Including the notable absence of Jadon Sancho, who manager Erik Ten Hag omitted from the match because of his “lacklustre” performances during training.
Almost immediately, Sancho took to social media to release a statement of his own – conflicting what Ten Hag said and claiming to be a “scapegoat”.
This is extremely bad sportsmanship.
What happens in the locker room should stay in the locker room.
Sancho’s grievances are not an opportunity to turn the Premier League into an episode of The Real Housewives.
Keir is riding fence
SIR Keir Starmer’s latest Shadow Cabinet re-shuffle is giving the public a taste of what to expect if the Labour Party win at the next general election.
His latest picks scream more “New Labour” and less “Momentum à la Corbyn” – a clear sign of which faction he believes will give him a greater chance of securing Downing Street.
Notable moderates have been placed in key positions, like Liz Kendall, who has now been made shadow work and pensions secretary. And five special advisers from the Blair/Brown era have also featured in the Shadow Cabinet.

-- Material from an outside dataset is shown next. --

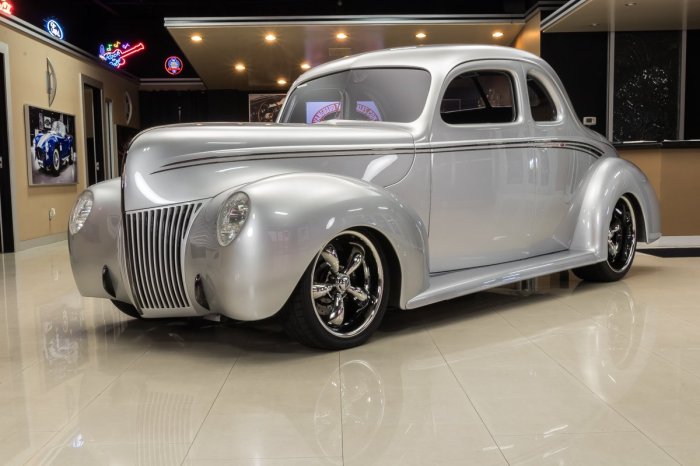 Ford 1940 coupe deluxe custom concours winner restoration full cars yrs owner past classic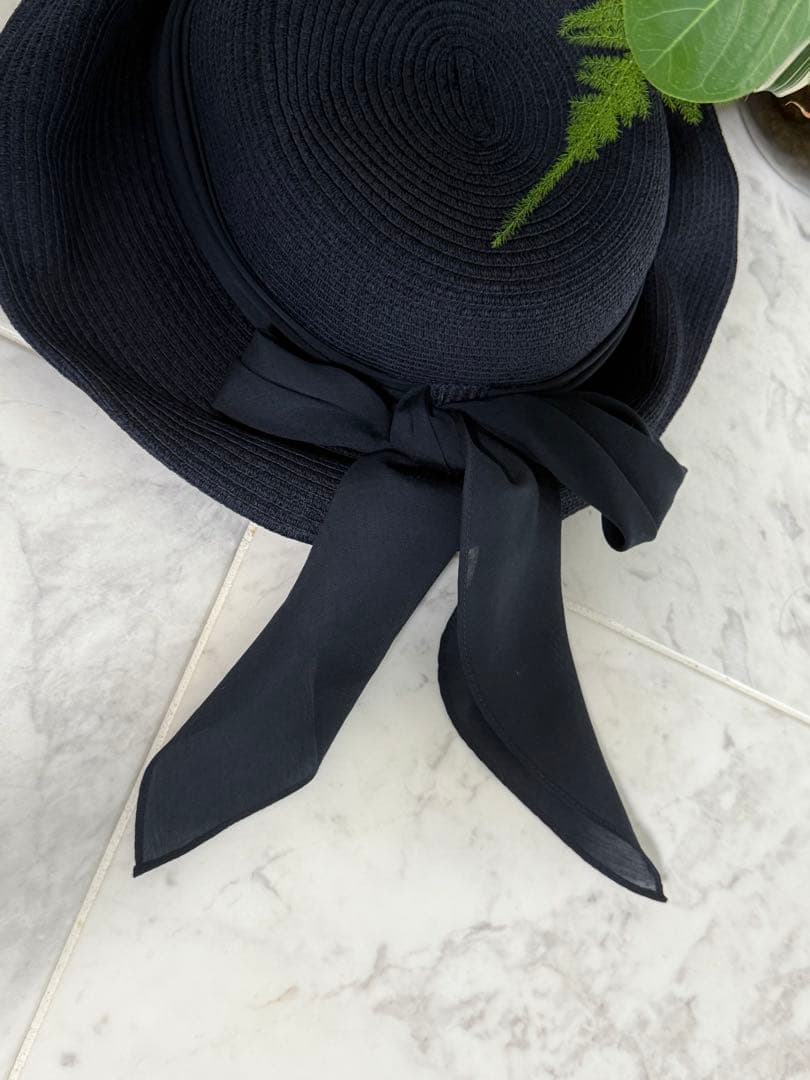 現行品★ シャポー ド オー キャペリンハット シルクブレード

Although Sir Keir did not radically change the top jobs, namely the Shadow Chancellor and the Shadow Home Secretary, he made a point of not side-lining Angela Rayner either.
Despite rumours of tensions between the pair, Miss Rayner has been formally lined up to become Deputy Prime Minister upon a Labour victory. Either way, it is obvious Mr Starmer is towing the centrist line to not spook moderate voters. Whether it will work? Only time will tell.
A lazy fix for obese
THE weight-loss drug Wegovy is being made available on the NHS as part of a “controlled and limited launch”.
For many, this drug could be a game-changer in the fight against obesity.
But what does it say about this country where, with over one in four adults being obese, we just prescribe a jab to shed the weight.
Shouldn’t the NHS be more proactive in tackling the root cause of such unhealthy lifestyles in the first place?
Obviously, none of us want to live in a nanny state, the likes of which brought us a proposed ban on Bogof food and drink deals. It is certainly not a few supermarket bargains that are causing this epidemic.
A one-size-fits-all drug for bingeing sins is not the answer.
It is diet, exercise and education, something the NHS seems too lazy to promote now.
U-turn a wind-up
A POTENTIAL Tory revolt has forced Rishi Sunak to overturn the effective ban on onshore wind farms.
The move comes as MPs are preparing to vote on the Government’s contentious Energy Bill, with backbenchers backing a proposed amendment to scrap the ban. In reality, though, this move will likely be a lot of hot air.
Under the planning rules, councils will be able to give the green light to proposed turbines only where there is broad public support.
And given the Nimbys’ strong lobby against them, this is nothing more than lip service.
But another U-turn is not a great look for Mr Sunak, who pledged to keep the ban in place when he took over as PM.